───── RECORD EXTRACTS

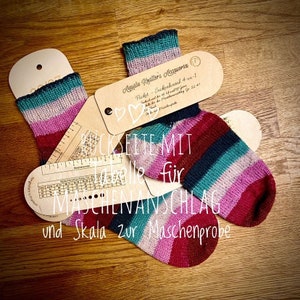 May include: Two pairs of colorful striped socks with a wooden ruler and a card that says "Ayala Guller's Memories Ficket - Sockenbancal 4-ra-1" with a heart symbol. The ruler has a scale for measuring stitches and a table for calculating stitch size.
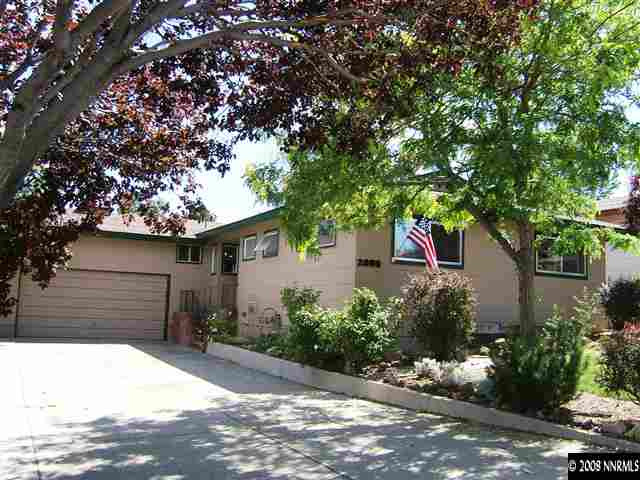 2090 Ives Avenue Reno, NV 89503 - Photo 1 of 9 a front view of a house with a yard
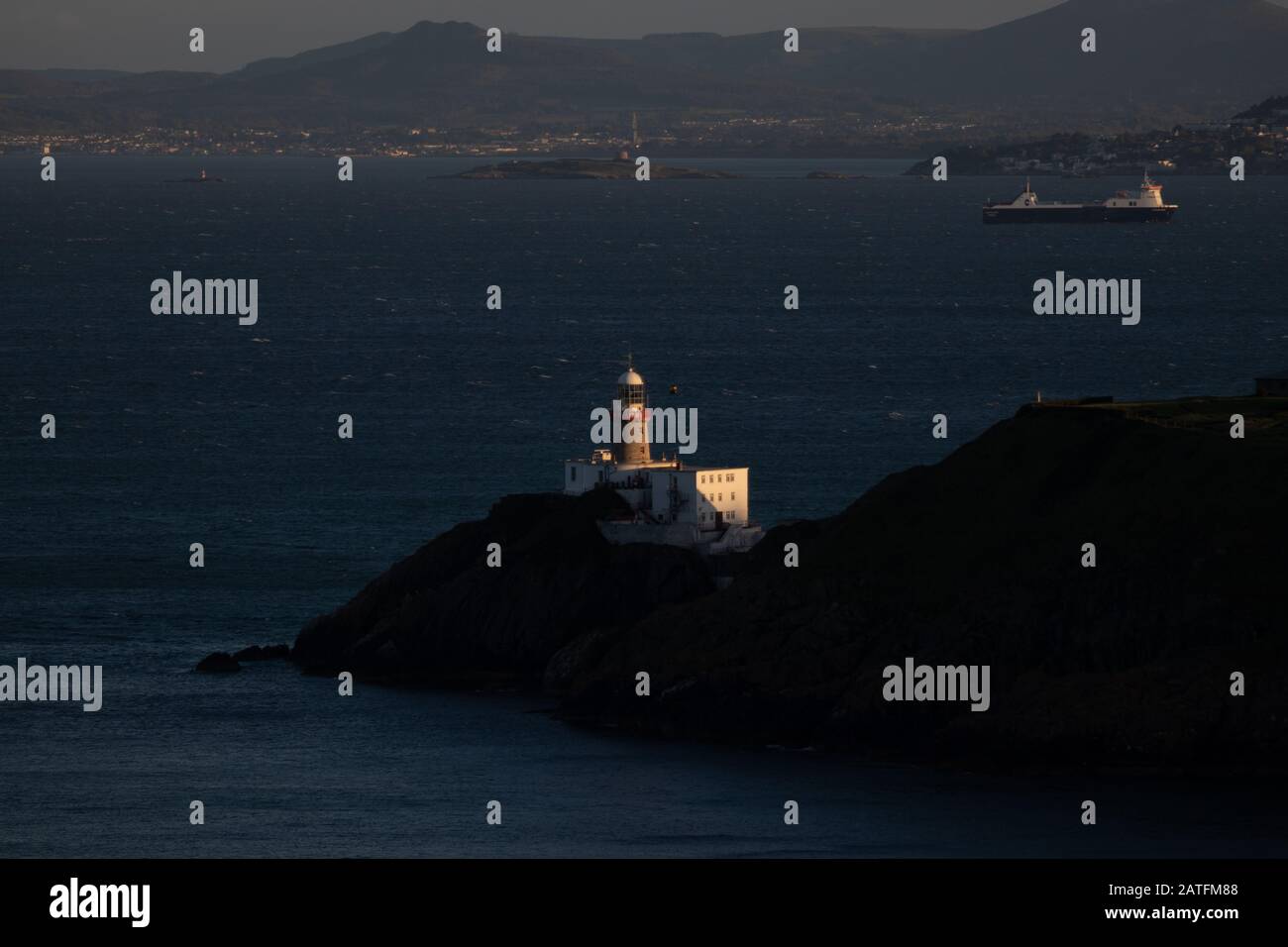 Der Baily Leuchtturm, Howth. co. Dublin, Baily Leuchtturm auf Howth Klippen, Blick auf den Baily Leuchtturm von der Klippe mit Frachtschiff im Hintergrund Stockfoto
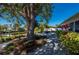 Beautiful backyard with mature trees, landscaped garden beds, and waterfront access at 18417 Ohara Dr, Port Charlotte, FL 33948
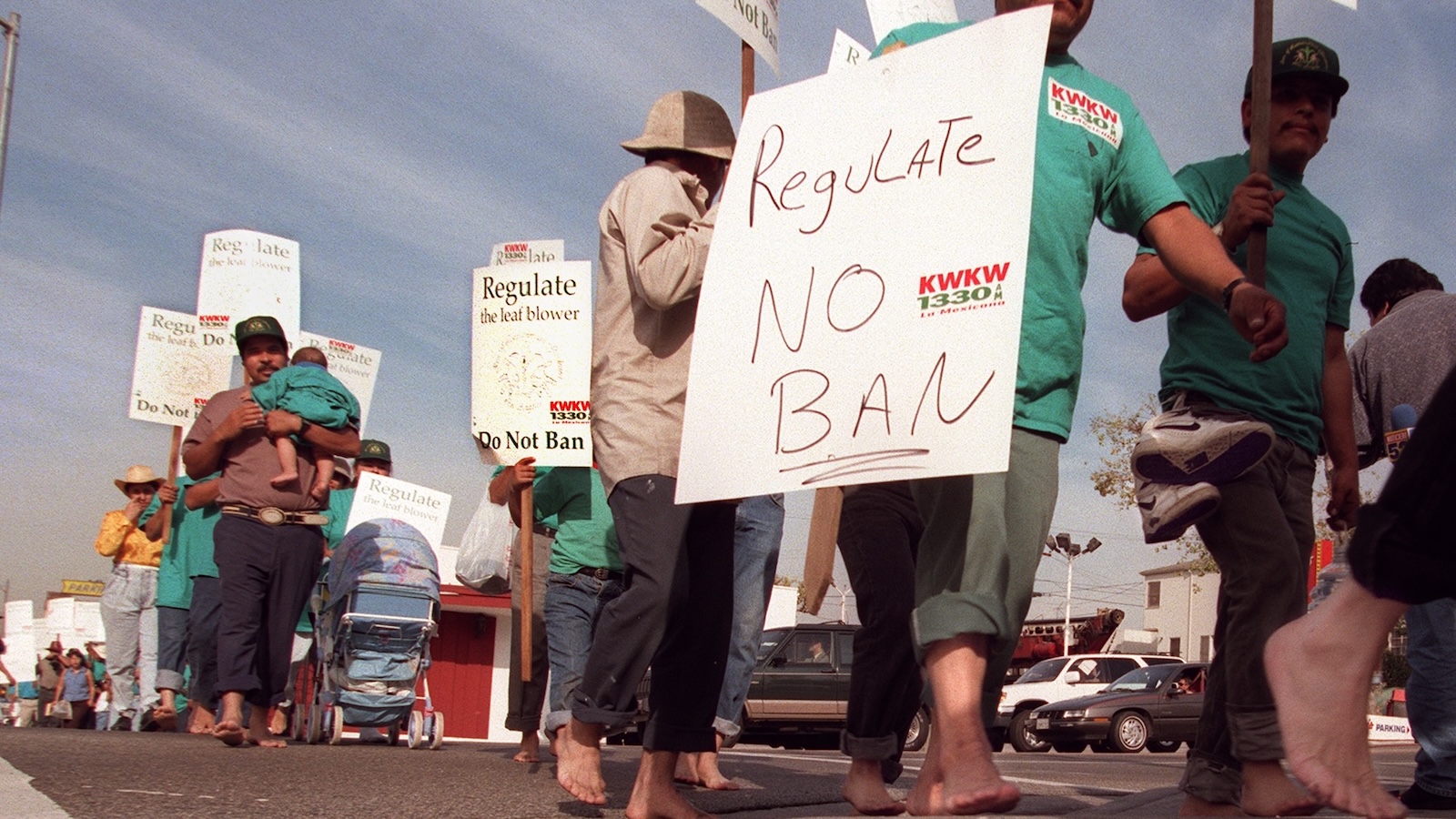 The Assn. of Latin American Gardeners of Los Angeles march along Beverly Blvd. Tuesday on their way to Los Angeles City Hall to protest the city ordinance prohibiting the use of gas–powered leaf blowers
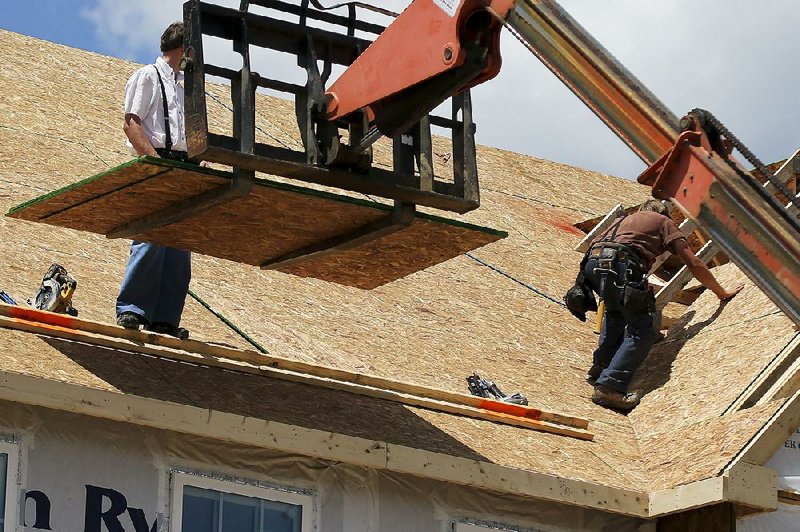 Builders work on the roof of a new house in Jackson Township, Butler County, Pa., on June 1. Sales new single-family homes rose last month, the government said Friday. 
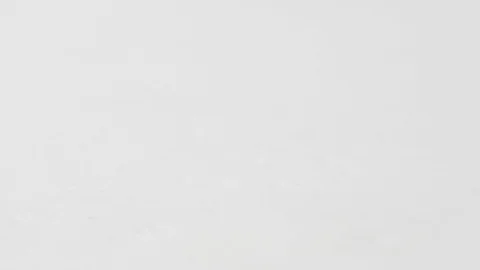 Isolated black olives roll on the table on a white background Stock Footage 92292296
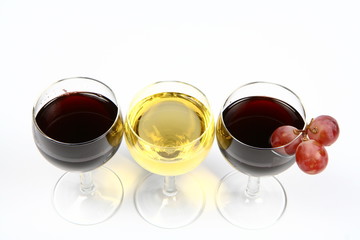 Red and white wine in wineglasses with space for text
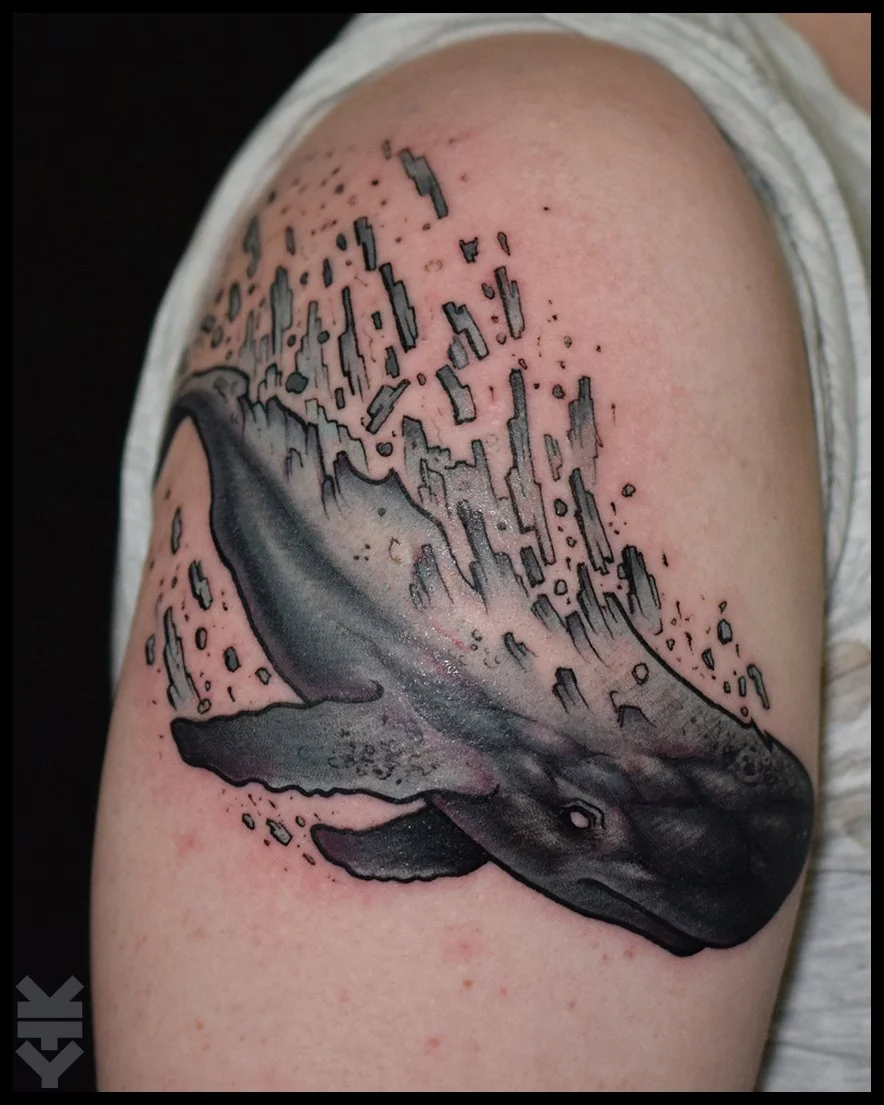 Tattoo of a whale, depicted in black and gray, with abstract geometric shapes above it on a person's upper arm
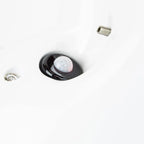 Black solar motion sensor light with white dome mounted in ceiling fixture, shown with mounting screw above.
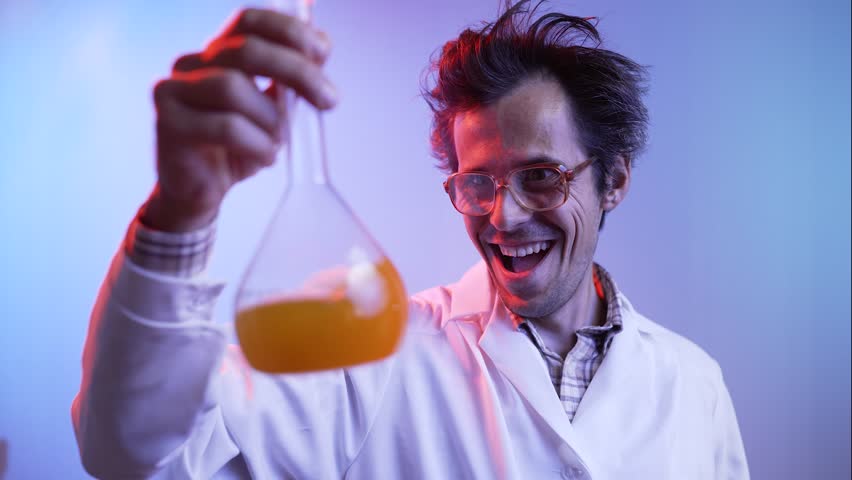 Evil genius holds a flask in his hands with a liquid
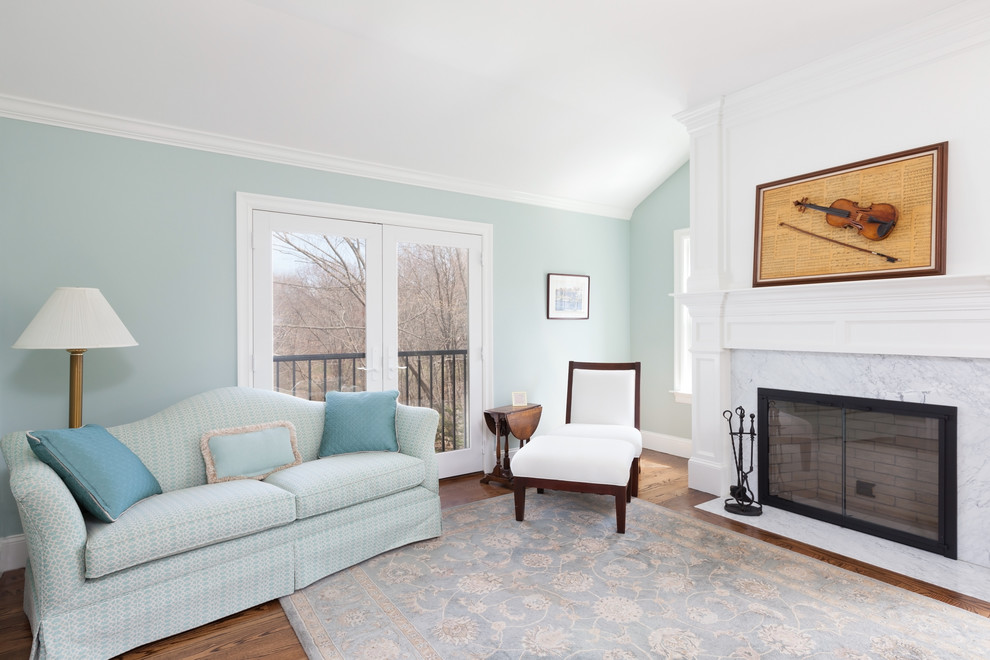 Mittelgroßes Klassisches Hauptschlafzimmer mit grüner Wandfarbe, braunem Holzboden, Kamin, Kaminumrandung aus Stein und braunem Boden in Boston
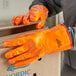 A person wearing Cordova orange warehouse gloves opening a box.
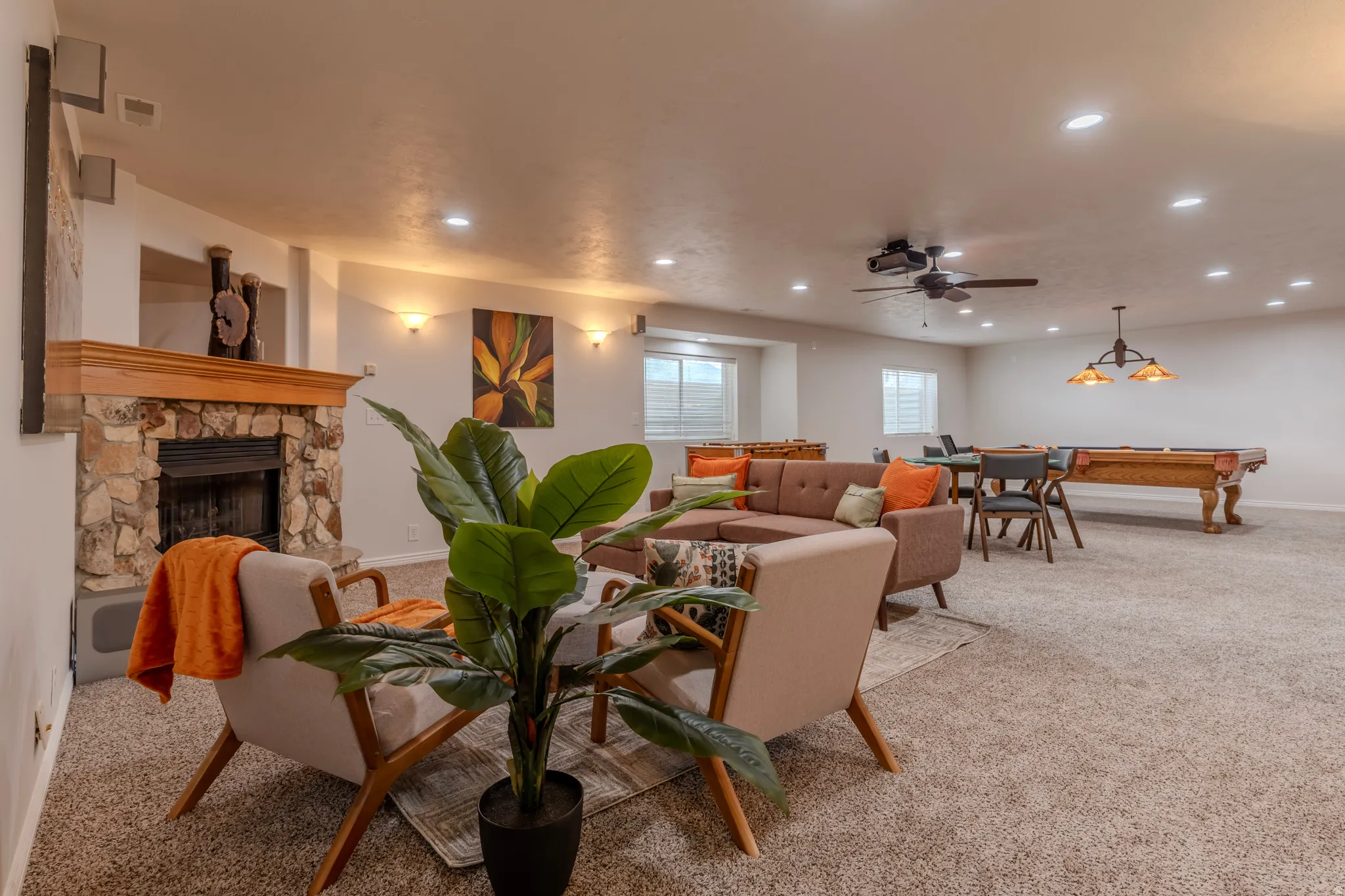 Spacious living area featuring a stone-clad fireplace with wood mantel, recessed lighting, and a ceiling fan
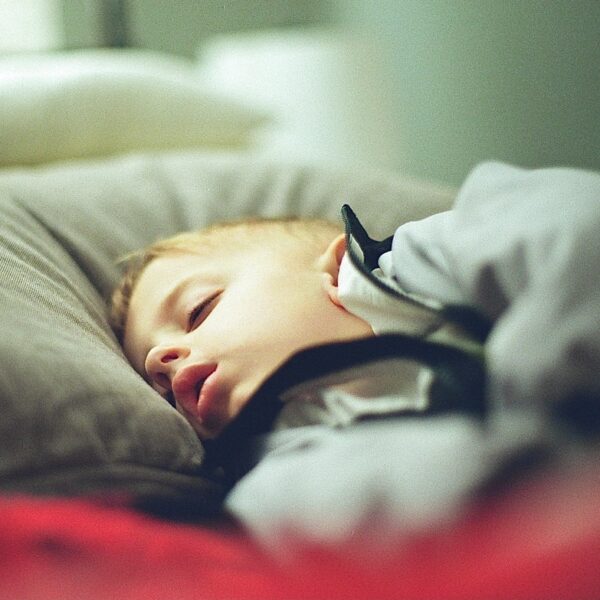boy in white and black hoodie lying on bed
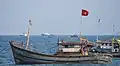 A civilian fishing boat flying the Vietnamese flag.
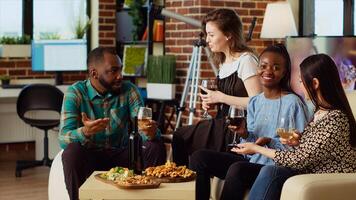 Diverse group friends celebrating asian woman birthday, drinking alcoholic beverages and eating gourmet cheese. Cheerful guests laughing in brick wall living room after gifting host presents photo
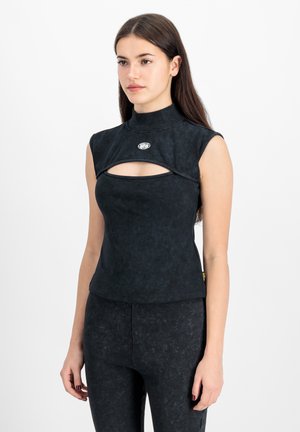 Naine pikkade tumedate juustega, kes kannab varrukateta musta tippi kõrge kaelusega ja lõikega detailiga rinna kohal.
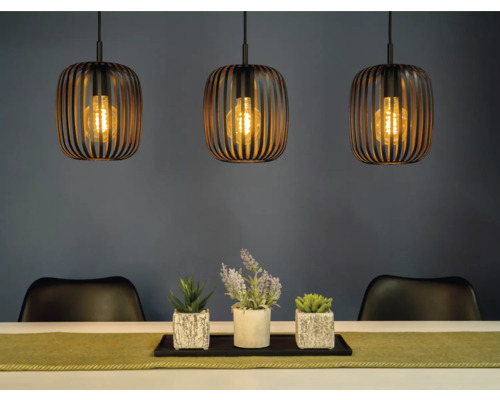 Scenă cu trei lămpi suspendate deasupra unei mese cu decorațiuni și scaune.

──────────

▶ **ASSIGNMENT**
Return the lines of the data above in full and exactly, with no pictures.

▶ **PROBLEM SOLUTION**
 May include: Two pairs of colorful striped socks with a wooden ruler and a card that says "Ayala Guller's Memories Ficket - Sockenbancal 4-ra-1" with a heart symbol. The ruler has a scale for measuring stitches and a table for calculating stitch size.
 2090 Ives Avenue Reno, NV 89503 - Photo 1 of 9 a front view of a house with a yard
 Der Baily Leuchtturm, Howth. co. Dublin, Baily Leuchtturm auf Howth Klippen, Blick auf den Baily Leuchtturm von der Klippe mit Frachtschiff im Hintergrund Stockfoto
 Beautiful backyard with mature trees, landscaped garden beds, and waterfront access at 18417 Ohara Dr, Port Charlotte, FL 33948
 The Assn. of Latin American Gardeners of Los Angeles march along Beverly Blvd. Tuesday on their way to Los Angeles City Hall to protest the city ordinance prohibiting the use of gas–powered leaf blowers
 Builders work on the roof of a new house in Jackson Township, Butler County, Pa., on June 1. Sales new single-family homes rose last month, the government said Friday. 
 Isolated black olives roll on the table on a white background Stock Footage 92292296
 Red and white wine in wineglasses with space for text
 Tattoo of a whale, depicted in black and gray, with abstract geometric shapes above it on a person's upper arm
 Black solar motion sensor light with white dome mounted in ceiling fixture, shown with mounting screw above.
 Evil genius holds a flask in his hands with a liquid
 Mittelgroßes Klassisches Hauptschlafzimmer mit grüner Wandfarbe, braunem Holzboden, Kamin, Kaminumrandung aus Stein und braunem Boden in Boston
 A person wearing Cordova orange warehouse gloves opening a box.
 Spacious living area featuring a stone-clad fireplace with wood mantel, recessed lighting, and a ceiling fan
boy in white and black hoodie lying on bed
 A civilian fishing boat flying the Vietnamese flag.
 Diverse group friends celebrating asian woman birthday, drinking alcoholic beverages and eating gourmet cheese. Cheerful guests laughing in brick wall living room after gifting host presents photo
 Naine pikkade tumedate juustega, kes kannab varrukateta musta tippi kõrge kaelusega ja lõikega detailiga rinna kohal.
 Scenă cu trei lămpi suspendate deasupra unei mese cu decorațiuni și scaune.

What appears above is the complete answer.